Вдруг один из парней, что сидел на деревянном двугорбом верблюде, кинул Любаве сверкающую под солнцем подковку с серебристой цепочкой. Подковки делал в станице кузнец-умелец, искусный мастер, к какому со всей округи приезжали с заказами. Любава поймала подковку и, выждав, когда опять покажется парень, махнула ему рукой.

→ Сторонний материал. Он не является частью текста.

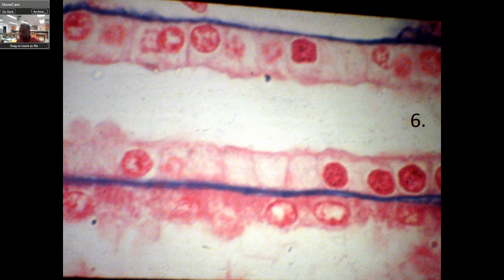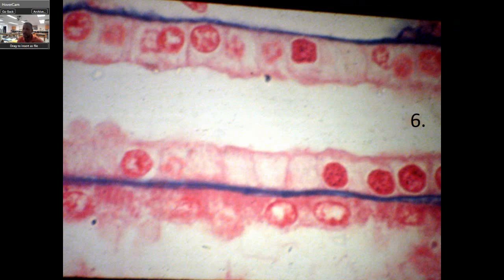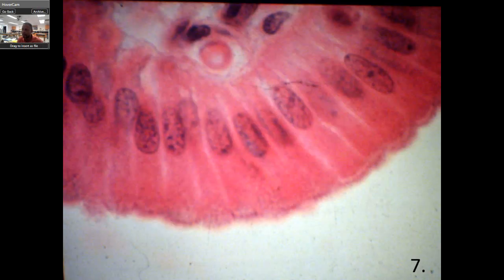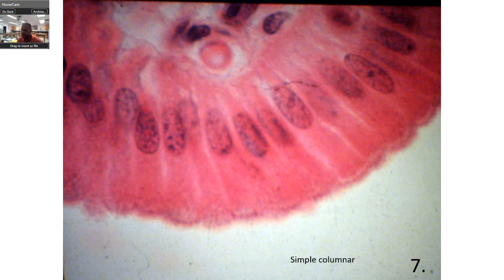Here's a look at these cells. This is simple cuboidal. Look at this shape — if this was columnar, imagine this being a little bit longer. And the answer to the next one is simple columnar.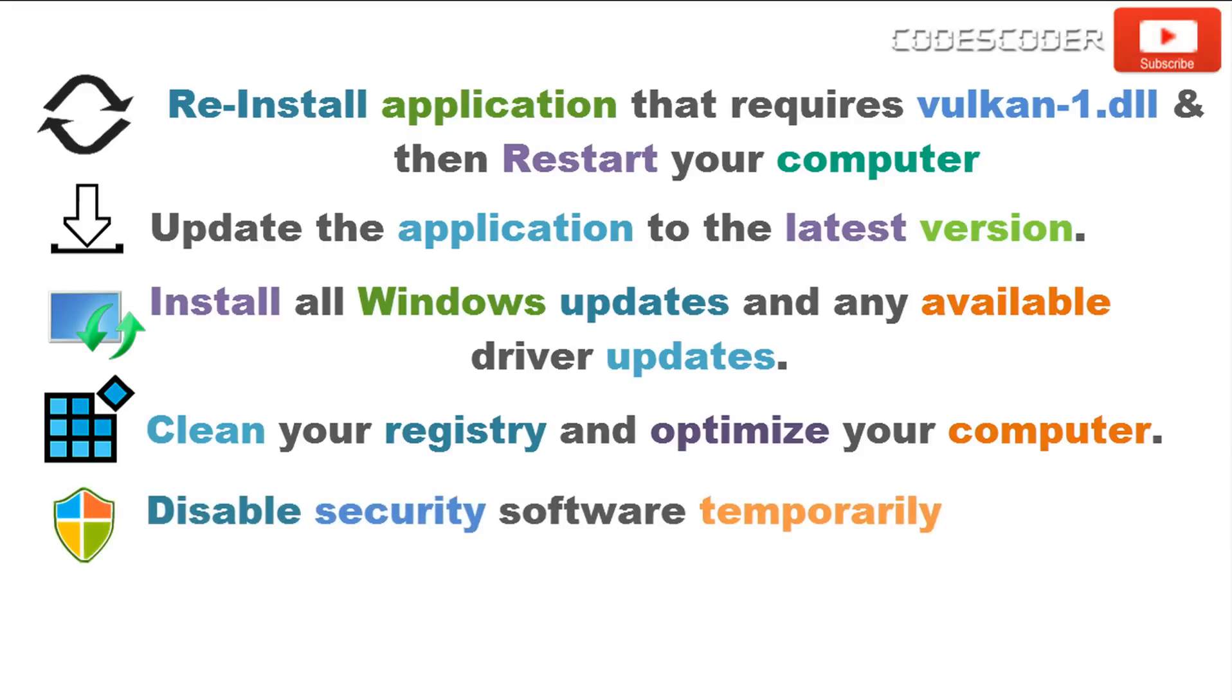Sometimes this error occurs due to the antivirus. Disable antivirus temporarily before installing the application on the computer.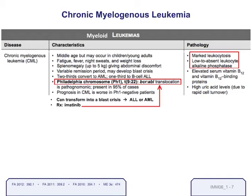The treatment that's so important because of this translocation is imatinib, a monoclonal antibody against the BCR-ABL fusion protein. We've been able to target the very protein causing uncontrolled cell proliferation, and patients with CML who are Philadelphia chromosome positive have a great cure rate with imatinib treatment.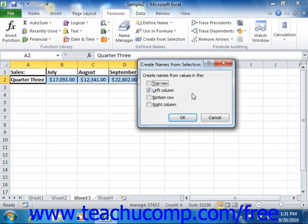When the correct location of the cells that you want to use for the named ranges is checked within the Create Names from Selection dialog box, finish the process by clicking the OK button to create them.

Игнат увидел запрокинутую вверх голову парня, русый чуб. Карусель сделала круг, и Игнат поглядел в лицо незнакомца — худое, бледное, глаза его горели, как в лихорадке. «Какой-то из мастеровых, — подумал Игнат, — над кузнечным горном чахнет».

Назарьев побаивался тех станичных девчат, какие учились в гимназиях и на лето приезжали погостить домой: больно заносчивы они были, неприступны, богатыми модными нарядами да непонятными речами отпугивали от себя Игната. В этот раз осмелел Назарьев — да и сподручней в ярмарочной сутолоке затронуть девчонку. Как бывало перед дракою на кулачках, он ссутулился и, покачиваясь, поскрипывая высокими сапогами, зашагал к незнакомке. Сбоку, близко увидел ее черную поблескивающую косу, брошенную на грудь, крутые завитки волос, что плотно прилегли к розоватым щекам и казались тонко нарисованными черной краской. Заглядывая в глаза, с притворной развязностью спросил:

— Хотите покататься? А?

Незнакомка бесцеремонно оглядела парня, подняла брови. Четко выговорила:

— Я люблю кататься на живых конях.

«Гордая, — подумал Игнат, слегка оробев под ее взглядом. — Не из нашенских простушек. Может, из тех, кто в гимназиях обучается. Холеная…» Игнат боялся, что вот-вот потухнет в нем запал напускной смелости. А хуторские парни хохотали и что-то выкрикивали, кто-то свистнул.